Errol Musk recently revealed he had a second child with his 35-year-old stepdaughter.
The father of the world’s richest man has previously said “the only thing we are on Earth for is to reproduce” and that he would be keen to have more kids.
“If I could have another child I would. I can’t see any reason not to,” the elder Musk said, adding that if he’d thought about it “Elon or Kimbal wouldn’t exist.”
The South African told The Sun he was not offered payment to become a sperm donor, “but they have offered me first-class travel and five-star hotel accommodation and all that sort of stuff.”
Asked by the newspaper whether he might accept the offer, he replied: “Well, why not?”
Who is Errol Musk? What we know about Elon’s dad
According to his son, Errol Musk has a genius-level IQ and was reportedly the youngest person to become a qualified engineer in South Africa, according to a 2017 Rolling Stone profile.
The elder Musk made headlines in 2018 when it was revealed that he had a child with his then-30-year-old former stepdaughter, Jana Bezuidenhout, whom he’s known since she was 4 years old.
The father of the Tesla and SpaceX CEO shares similar views with his son despite the pair being estranged.
The tech billionaire previously said he was doing his best” to help the underpopulation crisis. A collapsing birth rate is the biggest danger civilization faces by far,” after Insider revealed he had twins with one of his top executives.

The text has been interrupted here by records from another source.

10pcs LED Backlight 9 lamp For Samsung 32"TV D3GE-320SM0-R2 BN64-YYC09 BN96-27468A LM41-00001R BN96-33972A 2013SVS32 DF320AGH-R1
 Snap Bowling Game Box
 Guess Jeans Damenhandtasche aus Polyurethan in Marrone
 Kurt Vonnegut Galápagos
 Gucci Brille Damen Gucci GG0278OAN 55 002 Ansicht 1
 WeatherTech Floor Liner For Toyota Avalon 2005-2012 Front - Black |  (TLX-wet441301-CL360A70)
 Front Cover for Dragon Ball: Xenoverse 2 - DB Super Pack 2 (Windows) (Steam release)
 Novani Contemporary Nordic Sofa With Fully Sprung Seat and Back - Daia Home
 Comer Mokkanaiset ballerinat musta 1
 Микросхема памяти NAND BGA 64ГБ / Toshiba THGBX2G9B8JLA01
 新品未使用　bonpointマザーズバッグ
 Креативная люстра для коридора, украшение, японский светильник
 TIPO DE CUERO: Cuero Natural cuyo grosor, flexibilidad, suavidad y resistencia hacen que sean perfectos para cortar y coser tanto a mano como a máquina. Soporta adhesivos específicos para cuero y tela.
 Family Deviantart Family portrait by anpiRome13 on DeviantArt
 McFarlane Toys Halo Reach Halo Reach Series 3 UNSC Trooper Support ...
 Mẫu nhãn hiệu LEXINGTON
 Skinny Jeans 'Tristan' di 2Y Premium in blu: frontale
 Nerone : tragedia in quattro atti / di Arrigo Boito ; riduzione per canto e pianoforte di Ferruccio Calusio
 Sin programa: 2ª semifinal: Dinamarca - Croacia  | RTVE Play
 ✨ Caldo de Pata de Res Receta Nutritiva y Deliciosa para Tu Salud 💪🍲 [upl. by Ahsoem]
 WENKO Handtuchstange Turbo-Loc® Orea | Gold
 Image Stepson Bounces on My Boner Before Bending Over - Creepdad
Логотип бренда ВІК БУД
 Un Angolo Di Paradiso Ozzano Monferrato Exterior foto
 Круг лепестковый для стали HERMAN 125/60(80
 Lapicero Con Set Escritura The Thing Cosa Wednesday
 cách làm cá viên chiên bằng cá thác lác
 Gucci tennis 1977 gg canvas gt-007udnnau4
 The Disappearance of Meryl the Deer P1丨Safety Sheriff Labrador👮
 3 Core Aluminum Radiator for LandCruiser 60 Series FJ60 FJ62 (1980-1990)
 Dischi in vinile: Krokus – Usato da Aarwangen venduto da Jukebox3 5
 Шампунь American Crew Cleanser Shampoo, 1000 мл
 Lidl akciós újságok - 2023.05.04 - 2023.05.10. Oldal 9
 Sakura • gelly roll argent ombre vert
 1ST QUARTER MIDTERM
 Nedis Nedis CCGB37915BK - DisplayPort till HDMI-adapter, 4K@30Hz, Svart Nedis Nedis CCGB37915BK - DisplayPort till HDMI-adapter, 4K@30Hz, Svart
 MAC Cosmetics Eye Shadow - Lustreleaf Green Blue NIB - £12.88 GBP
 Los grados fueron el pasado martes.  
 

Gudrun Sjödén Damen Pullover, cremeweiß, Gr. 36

Elon Musk has repeatedly expressed concern about falling birth rates over the years. Last year, he tweeted that “civilization is going to crumble” if more children are not born.
The world’s population is rising at its slowest pace since 1950, having fallen under 1% in 2020, according to the United Nations. However, the UN expects the total to hit 8 billion in November, up from 1 billion in 1950 and hit 9.7 billion by 2050.